The divide over statues and monuments in Charlottesville, Va., appears far from over.
Just one month after a demonstration over plans to remove a statue of Confederate general Robert E. Lee turned violent, resulting in a woman's death, a different group of protesters has targeted a statue of U.S. Founding Father Thomas Jefferson.
The Thomas Jefferson Monument, which sits just outside a rotunda at the University of Virginia -- which Jefferson also founded -- was cloaked in black Tuesday evening, and adorned with signs reading “Black Lives Matter” and “TJ is a racist,” local media reported.
Nearly 100 students came together to deface the statue, chanting, “No Trump, No KKK, no racist U-V-A,” the Washington Times reported.

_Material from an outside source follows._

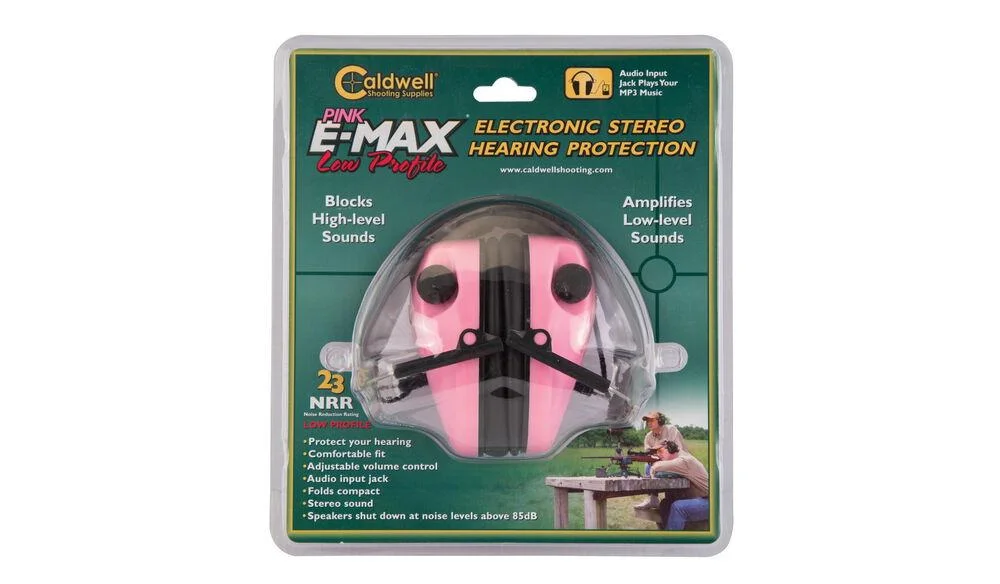 caldwell-emax-low-profile-hearing-protection-pink-primary AOB Caldwell E-MAX Low Profile Hearing Protection pink earmuffs in retail packaging, front view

“One month ago, we stood on the front lines in downtown Charlottesville as all manner of white supremacists, neo-Nazis, and neo-fascists swarmed the area,” a speaker told the crowd, the Daily Progress reported. “Two months ago, the Ku Klux Klan rallied in their safe space, fully robed and fully protected by multiple law enforcement agencies who brutalized and tear-gassed peaceful counter-protesters.”
Tuesday evening’s rally was in response to the university denying demands made last month by the Black Student Alliance, which included banning white supremacists from campus and removing Confederate plaques on the rotunda, the Daily Progress reported.
“We can and must condemn the violence of one month ago and simultaneously recognize Jefferson as a rapist, racist, and slave owner,” the unidentified speaker said, the website reported. “The visibility of physical violence from white supremacists should not take our attention away from condemning and disrupting more ‘respectable’ racists that continue to control the structures that perpetuate institutional racism.”
The university did not immediately comment on the Jefferson statue shrouding, the Richmond Times-Dispatch reported. No police officers were seen at Tuesday's protest, according to the newspaper.
There are 718 confederate statues and monuments in the United States, 300 of which are displayed in Georgia, Virginia, or North Carolina, a 2016 study by the Southern Poverty Law Center says.